An Inside Look at the Computer Science and LIS Dual Degree

May 12, 2017

Vicky Steeves

Vicky Steeves '13LS, the first graduate of our 3+1 program, shares her experience

What were your favorite courses in your studies at Simmons?

The coursework and lessons from Systems Analysis, taught by Associate Professor Gerry Benoît, have been integral to my professional career. Everything I learned in that class I have directly applied to each job I've had— including waitressing! Understanding the relationship and workflows between humans and technology is absolutely key to making any meaningful change and providing a useful service for patrons. Organization and Management of Corporate Libraries, taught by Professor James Matarazzo, taught me the value of making a business case for libraries and librarians, regardless of the setting. Libraries are usually on the bottom of the budget and first to get downsized in times of economic distress. To survive, librarians need to be able to defend and advocate for themselves to people who only look at spreadsheets and numbers. 

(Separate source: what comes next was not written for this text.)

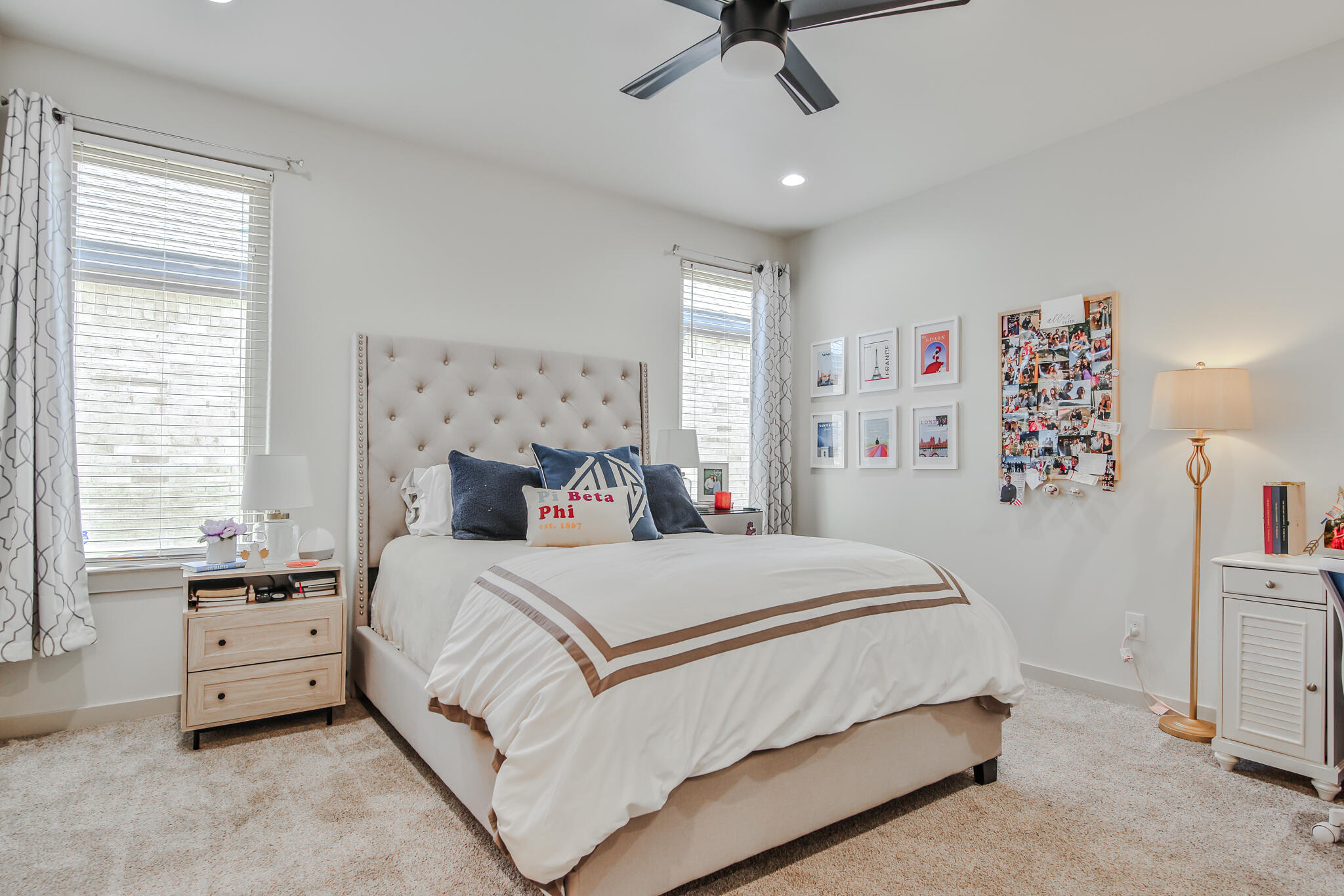 3806 59th Street Lubbock, TX 79413 - Photo 16 of 38 a bedroom with a bed and a chandelier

Operating Systems, taught by Associate Professor Bruce Tis, was just plain fun for me, honestly. It's a great class, lots of fun activities, and it feels old school to be programming in x86! Just pure enjoyment. Programming Languages pushed me out of my comfort zone. Up until that point, I'd mainly worked in Java and Python. I had to learn languages on the fly, and it improved my ability to learn new technologies—a skill more important than which technologies we actually covered. 

Ethical, Legal, and Social Issues in Information Technology taught by Senior Lecturer Jo Trigilio presented challenging and interesting questions about privacy, sharing, and privilege that are  important for any IT or library/information professional. We need to ask ourselves: how are our systems privileging some users over the others? How are we protecting user/patron data? These questions are especially poignant now, with Net Neutrality coming under fire. 

What unique benefits did you get from the Computer Science/Library and Information Science: 3+1 Program?

You get two degrees that would normally take six years in four years. It forces you to learn time management and working with deadlines, vital skills for working in fast-paced environments. 

Despite learning computer science and library science in such close proximity, the emphasis is rightfully placed on learning how to learn technology instead of focusing on a few specific tools or programming languages. Technological obsolescence is a prominent challenge, whether working in a library or in IT. Learning how to learn technology makes for an adaptable, well-versed professional. It also helps students deal with the variety of coursework they'll encounter: Intro to Python Monday, Intro to XML/XSLT Tuesday, etc. 

3+1 uniquely prepares students for working in a variety of environments, with a number of technologies. Marrying computer science and library science opens up a range of doors for students who can choose their ideal career and, chances are, end up there. 

Where are you working now?

I'm the Librarian for Research Data Management and Reproducibility at New York University, a dual hire between the Division of Libraries and the Center for Data Science. Before that, I was a resident at the American Museum of Natural History in New York City as part of the National Digital Stewardship Residency (NDSR) program. 

Upon graduation I thought I would enter corporate librarianship doing digital preservation. I enjoyed my internship at Sasaki Associates, an architecture firm, digitizing their legacy collections, and wanted to continue that work. I saw the NDSR as a program that could bolster my skills in digital preservation, and help me get a good job. What I didn't expect was how much I would fall in love with research librarianship. I love working with scientists and humanists, seeing their research and processes, and helping preserve and manage it for the future. This changed my career trajectory. Now, I do data management and reproducibility full-time, and I couldn't be happier. I use the skills from my computer science degree, working with engineers at the Center for Data Science, and from my library science program, working with patrons on their data management, data reference, and building up library services. 

What would you say to someone considering the 3+1 program?

DO IT. It's game changing, and you will be extremely marketable after the fact. I won't lie and say it's all roses—it's stressful to do six years of education in four, especially if (like me) you have to work during that time. You have to put in a lot of hours, you have to be motivated, and you have to have serious time management skills. 

You will be given the tools to succeed in this program. All of my professors, in Computer Science and LIS, wanted me to succeed and they put in the hours to help me do it. When I felt overwhelmed, they brought me back from the brink. When I felt like giving up, they motivated me to continue.

In a time when libraries have to fight harder for patron privacy and rights, the best thing you can do is learn how to build and support technologies that promotes knowledge equality, informed citizenry, and confidentiality. By pursuing coursework in computer science and library science, you will be empowered to do this.